Data for analysis:
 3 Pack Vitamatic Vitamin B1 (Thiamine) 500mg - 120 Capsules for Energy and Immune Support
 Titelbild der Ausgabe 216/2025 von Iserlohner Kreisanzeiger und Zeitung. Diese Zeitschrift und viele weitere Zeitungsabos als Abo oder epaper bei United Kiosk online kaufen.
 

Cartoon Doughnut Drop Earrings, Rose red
...
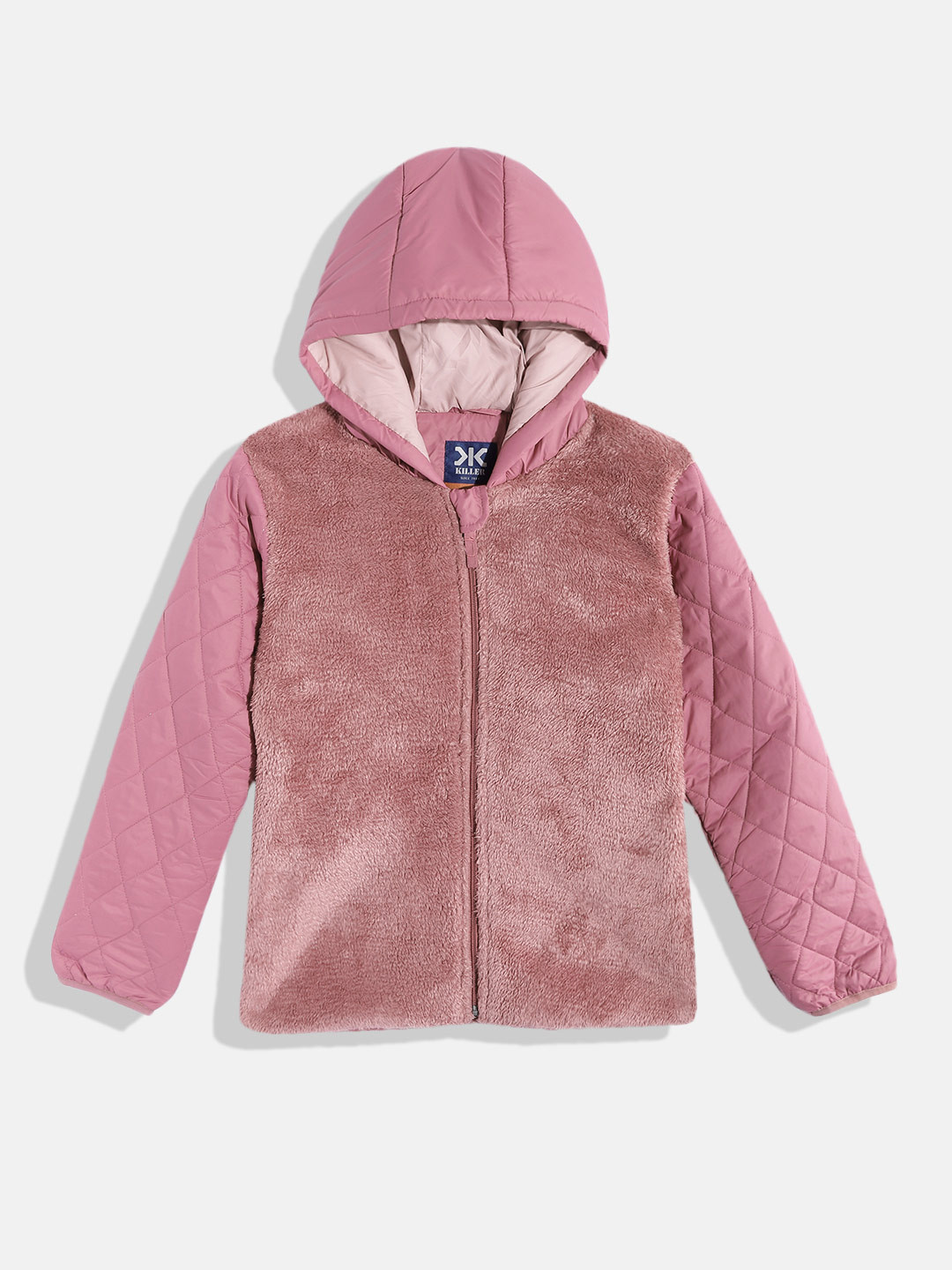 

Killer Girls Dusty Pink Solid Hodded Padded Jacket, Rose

The task:
Retype exactly the span of lines from the one with "Titelbild der Ausgabe" through the one with "Cartoon Doughnut Drop Earrings, Rose red"; include both ends and omit the rest of the material.

Solution to this task:
 Titelbild der Ausgabe 216/2025 von Iserlohner Kreisanzeiger und Zeitung. Diese Zeitschrift und viele weitere Zeitungsabos als Abo oder epaper bei United Kiosk online kaufen.
 

Cartoon Doughnut Drop Earrings, Rose red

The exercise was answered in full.